January 2012

Loss of Saliva and Nasal Mucus Inhibits Taste and Smell Function

Saliva and nasal serous deliver growth factors to taste buds and olfactory epithelial cells. If, for any reason, saliva and nasal mucus secretions are diminished then the function of taste buds and olfactory epithelial cells also diminishes. In this manner, growth factors present in saliva or nasal mucus cannot be delivered to taste buds and olfactory epithelial cells and loss of taste and smell function occur.

Taste and smell are sensory systems dependent upon receptors, nerves and brain to maintain normal function. Taste and smell are chemical senses whose receptors depend upon growth factors to maintain them. Any systemic or local changes which inhibit growth factor secretion causes taste and smell loss and eventually, with contributions from nerves and brain, taste and smell distortions. Any systemic or local change which inhibits saliva or nasal mucus also causes taste and smell loss and eventually taste and smell distortions.

There are multiple pathologies which cause saliva and nasal mucus loss and thereby inhibit growth factor delivery to taste buds and olfactory epithelial cells.

X-irradiation to the head or neck inhibits saliva and nasal mucus secretion and thereby cause taste and smell dysfunction. Irradiation of this type occurs in about 50,000 patients yearly primarily to treat cancers of the head and neck. Secretion inhibition can be transient and return a few months after irradiation ends or it can be permanent such that xerostomia (dry mouth) or xerorhinorrhea (dry nose) occurs. Only with return of these secretions can delivery of growth factors present in saliva and nasal mucus restore and correct taste and smell dysfunction. There is little known treatment to restore these glandular secretions after irradiation. However, over time secretions can and do return spontaneously in many patients.

Autoimmune disorders can cause xerostomia and xerorhinorrhea. These disorders include scleroderma, sarcoidosis, systemic lupus erythematosus, Sjogren’s syndrome and many others. In these disorders lymphocytes and other chronic inflammatory cells infiltrate the salivary and nasal serous glands replacing these secreting glands with fibrotic changes which cause xerostomia and xerorhinorrhea. These changes occur in each of these disorders but severity varies a great deal. Treatment of the underlying autoimmune pathology which initiated these diseases can not only correct the underlying pathology but also can induce saliva and nasal mucus secretion thereby correcting the taste and smell dysfunction.

Many other diseases and pathological processes inhibit saliva and nasal mucus secretions. Hormone dysfunctions such as diabetes mellitus and hypothyroidism, hypertension, infectious processes (bacterial, viral, fungal), cystic fibrosis and drug treatments of various sorts (diuretics, anticholinergics, antidepressants, anxiolytics) have been reported to inhibit these glandular secretions. Ageing has also been reported associated with diminished glandular secretions and sensory dysfunction. These processes affect many thousands of patients in the United States. Treatment to correct these changes are specific for the causative process.

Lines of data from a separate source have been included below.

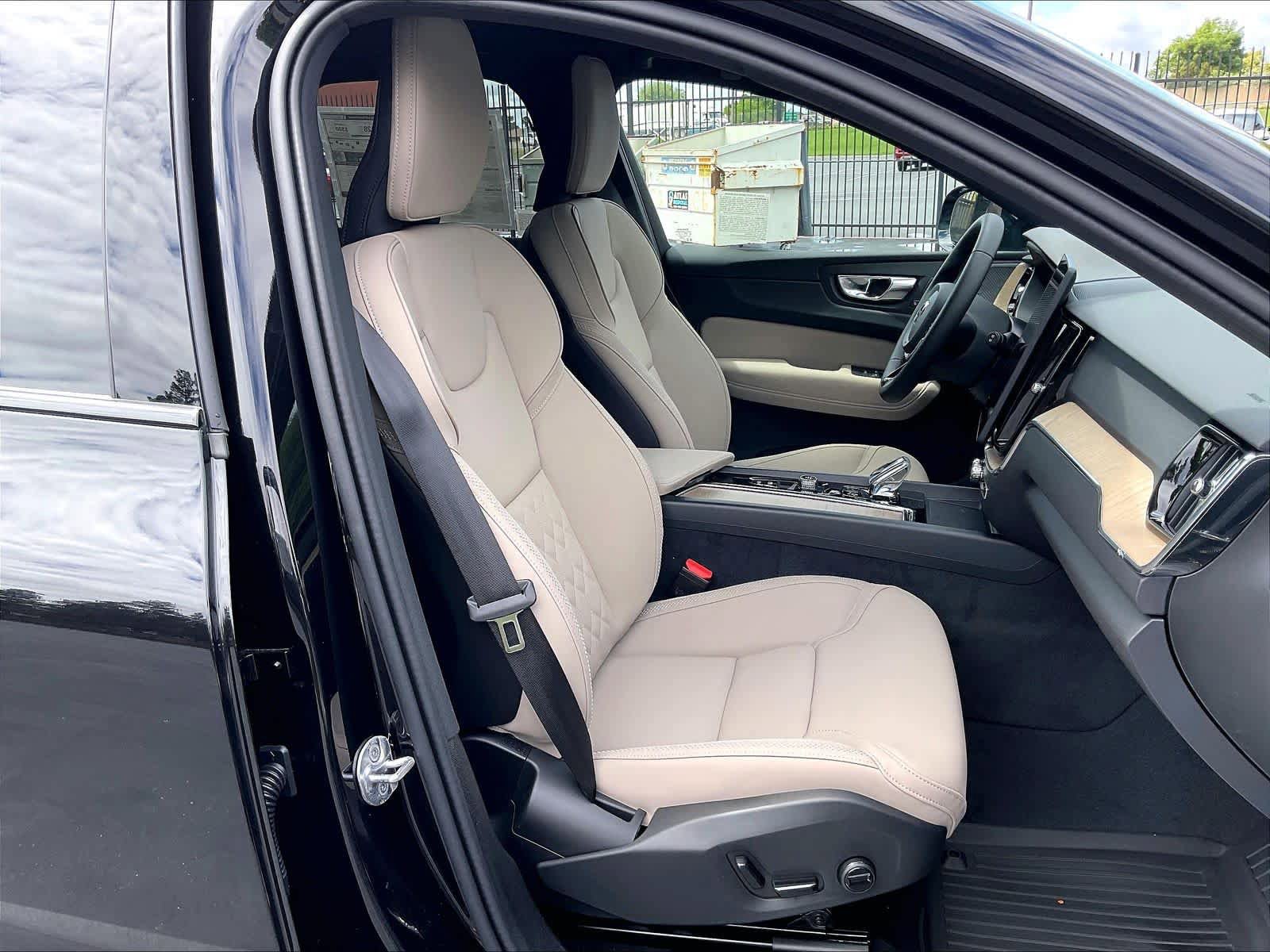 New 2026 Volvo XC60 T8 Plus w/ Climate Package AWD/4WD image 31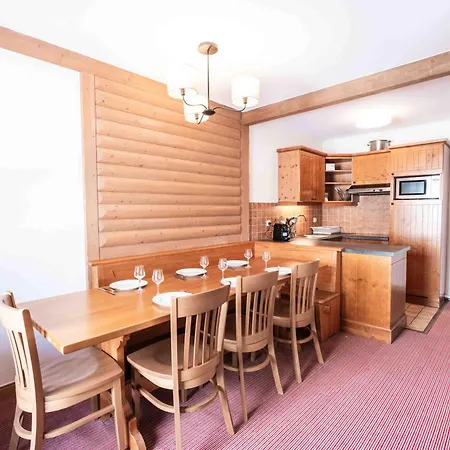 Le Grand Ours - In Out 4 Bed Chalet, Arc 1950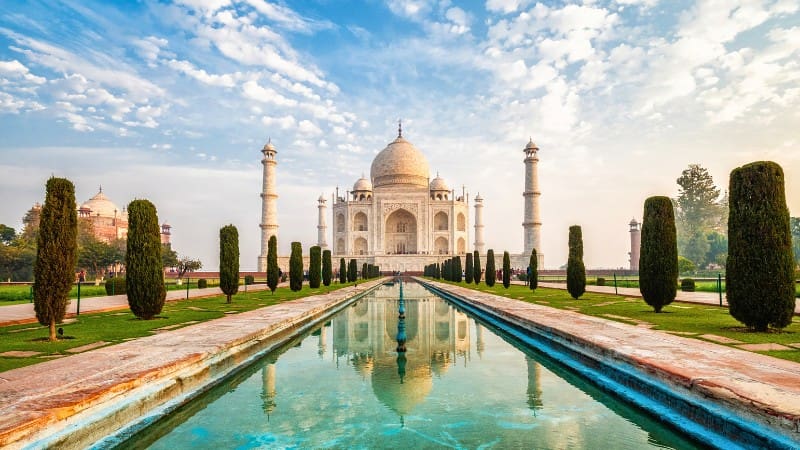 Tourist places to visit in Agra - The Taj Mahal, a symbol of eternal love.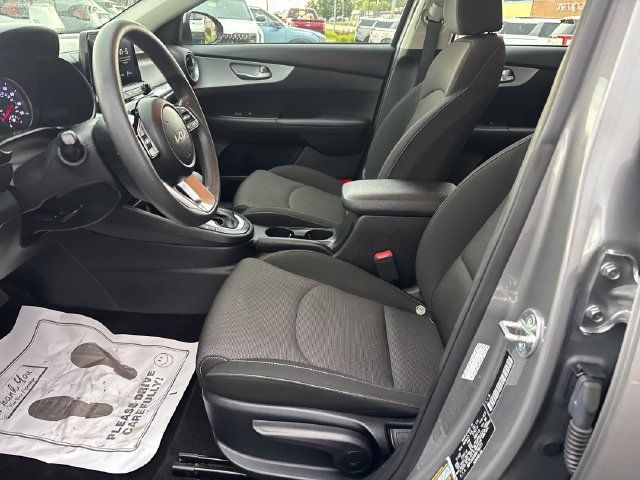 Used 2024 Kia Forte LXS FWD image 12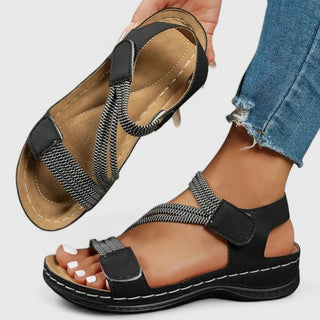 Sandales Sheina™ kaki avec brides noires, boucle au dessus et semelle plateforme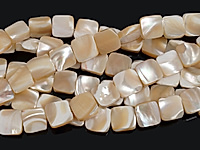 Бусины квадраты бежевого перламутра. Месторождение - Индонезия. Диаметр отверстия 0.5 мм. Размеры, вес, длина и количество бусин на нити указаны примерно. Точнее замеряем по требованию. Природные неровности.
, фото №163955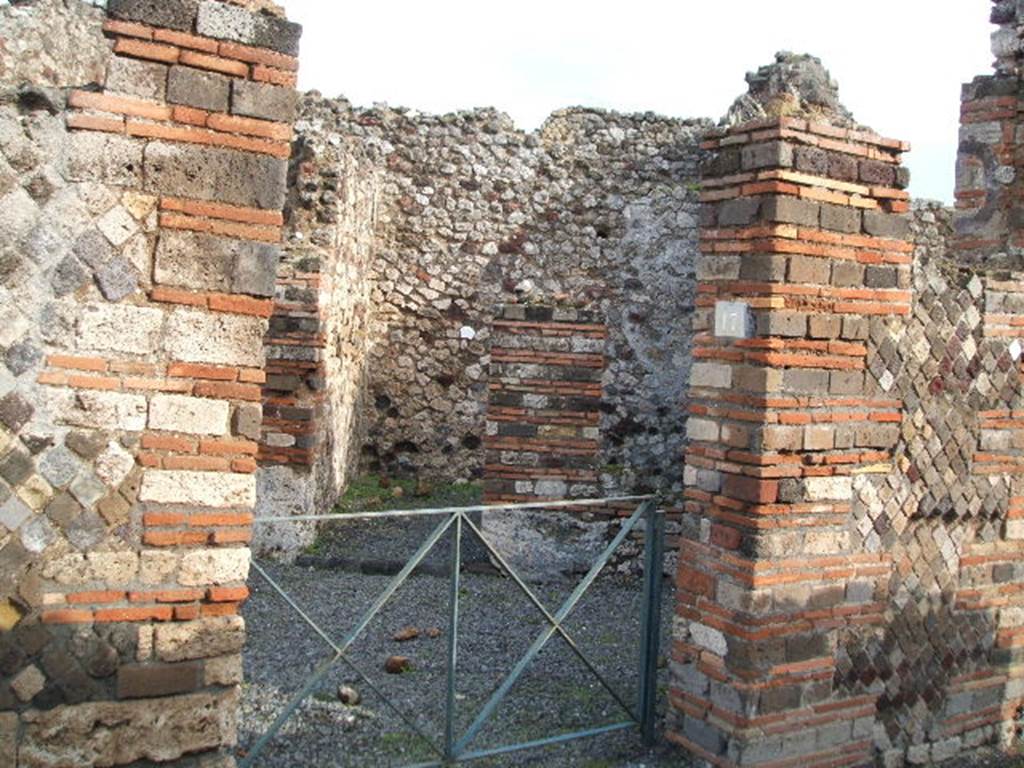 VI.3.17 Pompeii. December 2004. Looking east from entrance doorway.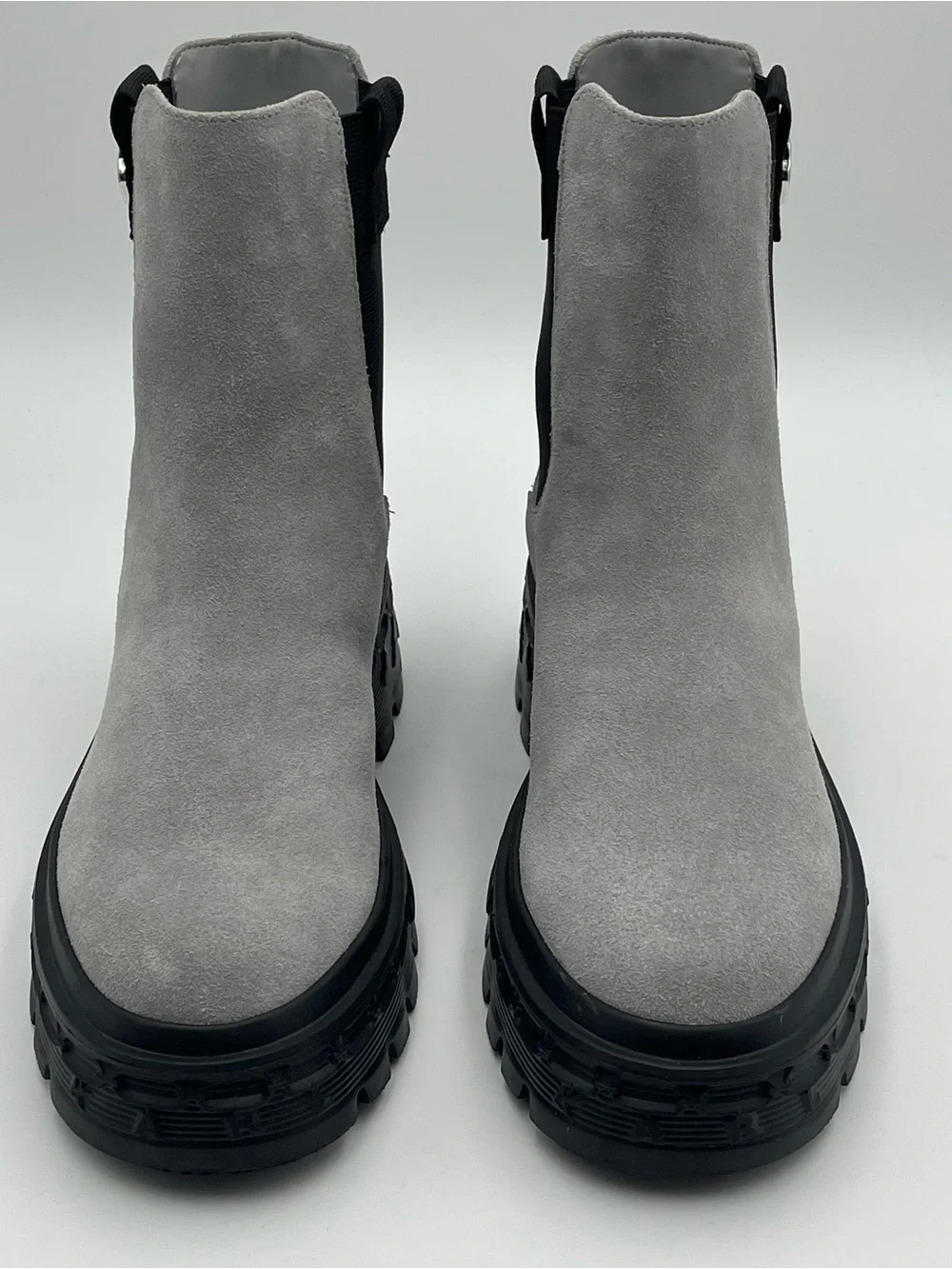 Karl Lagerfeld Paris SZ 8.5M Women Londyn Grey Suede Lug Sole Boot  MSRP $179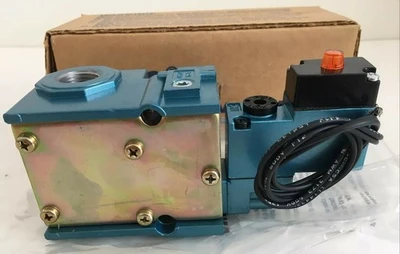 NEW MAC VALVE 56C-13-617AA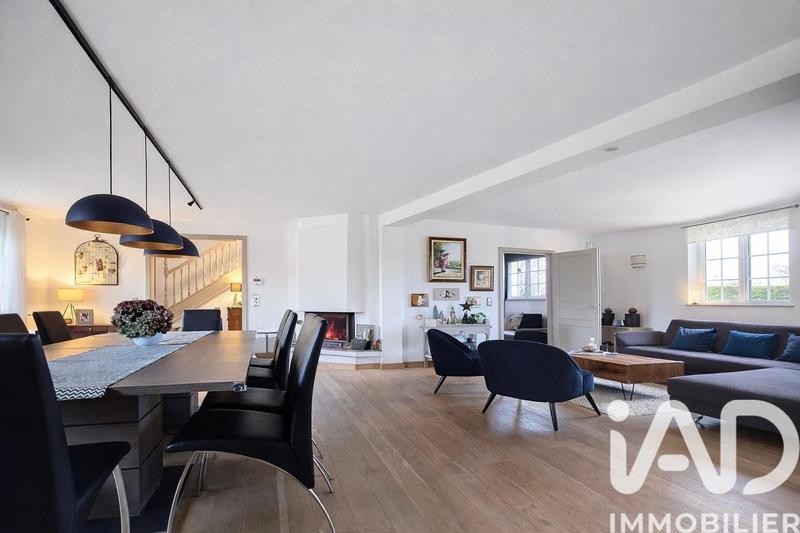 Maison - 196 m² - 7 pièces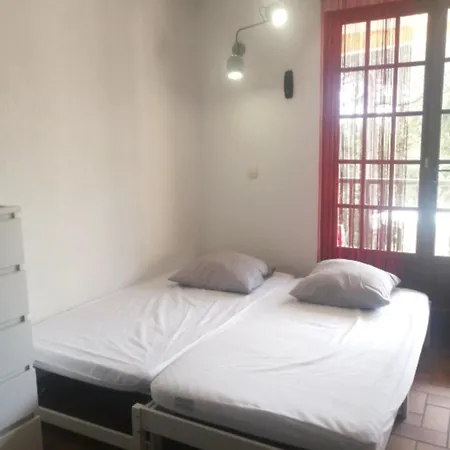 Of 35m At 450m From The * Saint-Raphaël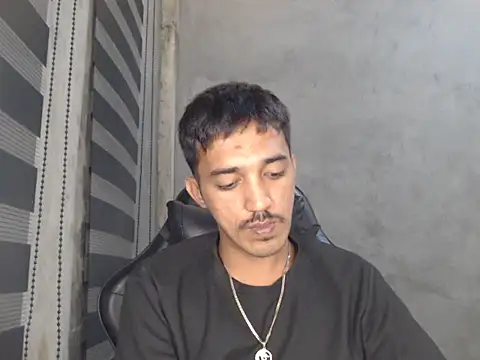 Snapshot of RowyCam chatting on 09/15/25, 02:06 RowyCam online show from 09/15/25, 02:06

Many publications in the medical literature have dealt with this issue.

References

1. Henkin RI, Talal N, Larson AL, Mattern CF. Abnormalities of taste and smell in Sjogren’s syndrome. Ann Intern Med. 1972;76:375-383.

2. Powell RD, Larson AL, Henkin RI. Nasal mucous membrane biopsy in Sjogren’s syndrome: a new diagnostic technique. Ann Intern Med. 1974;81:25-31.

3. Mossman KL, Henkin RI. Radiation induced changes in taste acuity in cancer patients. Int J Radiat Oncol Biol Phys. 1978;4:663-670.

4. Mossman KL, Chencharick JD, Scheer AC, Walker WP, Ornitz RD, Rogers CC, Henkin RI. Radiation-induced changes in gustatory function: comparison of effects of neutron and photon irradiation. Int J Radiat Oncol Biol Phys. 1979;5:521-528.